§ **WHAT THE TASK REQUIRES**
Could you transcribe all of the data exactly and skip any pictures?

§ **RECORDED DATA**

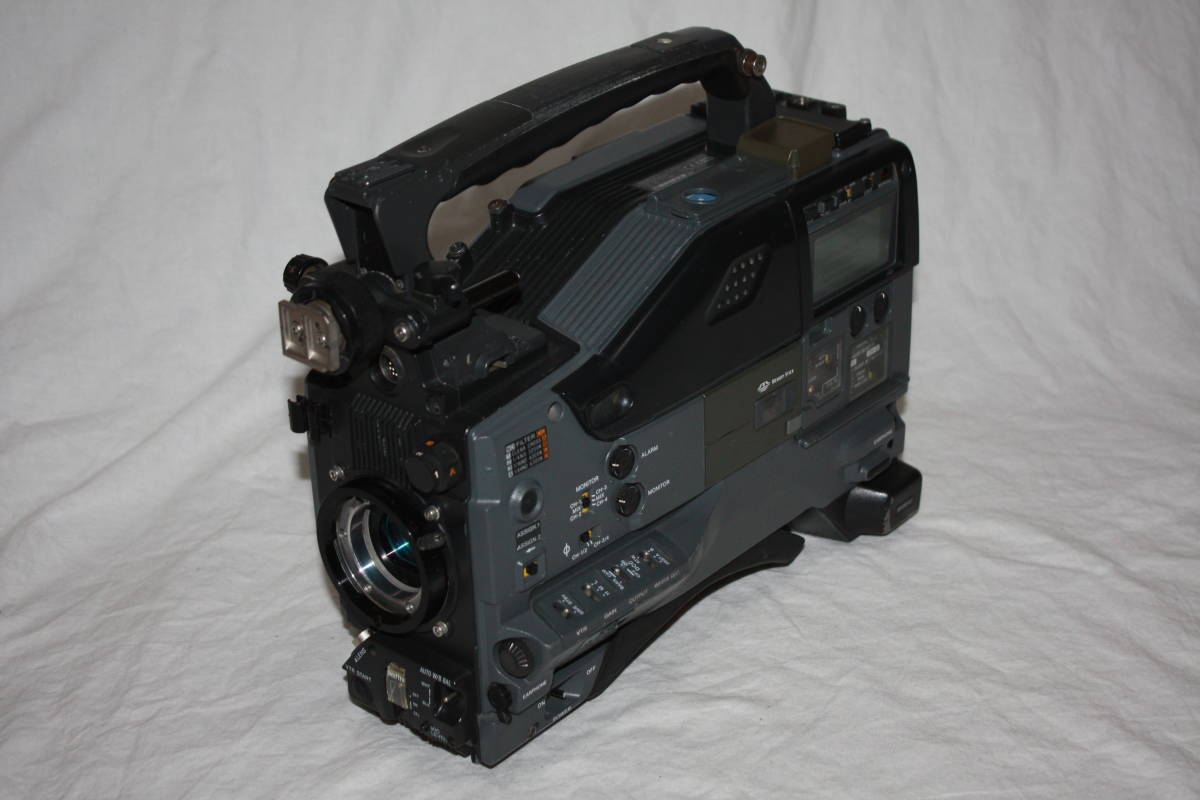 SONY　HDW-730　HDCAM放送用ビデオカメラ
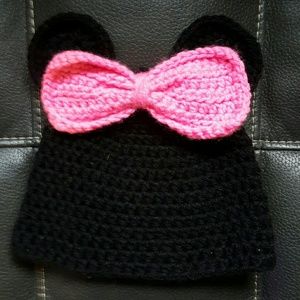 Crochet mini newborn hat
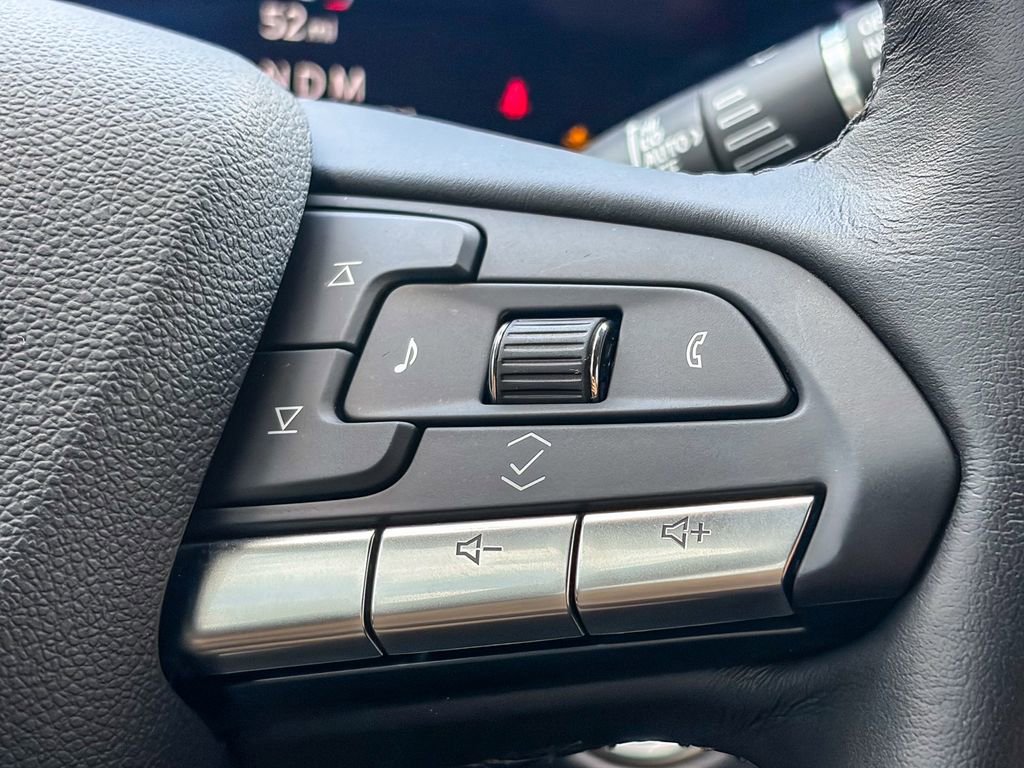 Used 2025 Cadillac XT4 Premium Luxury w/ Cold Weather Package AWD/4WD image 21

§ **ANSWER TO THE EXERCISE**
 SONY　HDW-730　HDCAM放送用ビデオカメラ
 Crochet mini newborn hat
 Used 2025 Cadillac XT4 Premium Luxury w/ Cold Weather Package AWD/4WD image 21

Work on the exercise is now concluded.